Last reviewed: 3/23/2024 11:28:35 AM
<prosody>
The prosody element enables the control of the pitch, speaking rate and volume of the speech output.
<?xml version="1.0"?>
<speak version="1.0" xmlns="http://www.w3.org/2001/10/synthesis"
xmlns:xsi="http://www.w3.org/2001/XMLSchema-instance"

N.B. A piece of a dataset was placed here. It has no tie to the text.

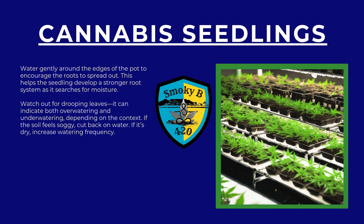Light is one of the most important factors in a seedling's growth — it provides the energy they need to develop strong roots and sturdy stems. During the seedling stage, cannabis plants need about 18 hours of light per day with 6 hours of darkness. This mimics the long days of early spring and encourages rapid growth. Using LED grow lights is a great choice, as they're energy efficient and provide the full spectrum of light your seedlings need. Place your lights about 24 to 36 inches above the seedlings, adjusting the distance as they grow. If the light is too close, you risk burning the tender leaves.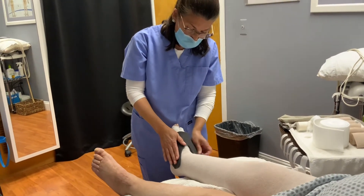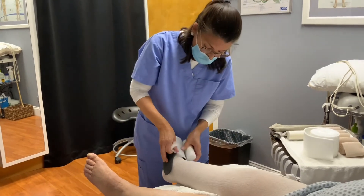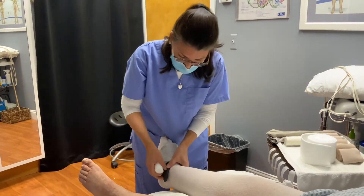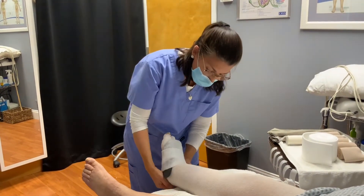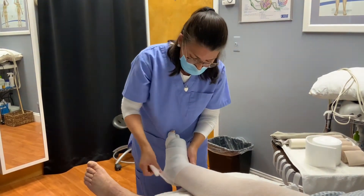We are going to be using this foam here — it's called a gray foam. It's a quarter inch, and we're going to come around at the ankles where she also gets a lot of swelling. We're going to contain it with a layer of the cotton just to hold it in place.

xsi:schemaLocation="http://www.w3.org/2001/10/synthesis
http://www.w3.org/TR/speech-synthesis/synthesis.xsd"
xml:lang="en-US">
The price of XYZ is <prosody rate="-10%">$45</prosody>
<prosody contour="(0%,+20Hz) (10%,+30%) (40%,+10Hz)">Good morning</prosody>
</speak>
Attributes
contour
Sets the actual pitch contour for the contained text. The pitch contour is defined as a set of white space-separated targets at specified time positions in the speech output. The algorithm for interpolating between the targets is synthesizer-specific.
duration
Specifies a value in seconds or milliseconds for the desired time to take to read the element contents. Follows the time value format from the Cascading Style Sheet Level 2 Recommendation [CSS2] (e.g. "250ms", "3s").
pitch
Specifies the baseline pitch for the contained text. Valid values include a number followed by "Hz", a relative change or "x-low", "low", "medium", "high", "x-high", or "default".
range
Specifies the pitch range (variability) for the contained text. Valid values include a number followed by "Hz", a relative change or "x-low", "low", "medium", "high", "x-high", or "default".
rate
Specifies a change in the speaking rate for the contained text. Valid values include a relative change or "x-slow", "slow", "medium", "fast", "x-fast", or "default".
volume
Specifies the volume for the contained text in the range 0.0 to 100.0. Higher values are louder and specifying a value of zero is equivalent to specifying "silent". Valid values include a number, a relative change, or "silent", "x-soft", "soft", "medium", "loud", "x-loud", or "default".
Children
<audio>, <break>, <emphasis>, <mark>, <phoneme>, <prosody>, <say-as>, <sub>, <s>, and <voice>.
Parents
<audio>, <emphasis>, <p>, <prosody>, <s>, <speak>, and <voice>.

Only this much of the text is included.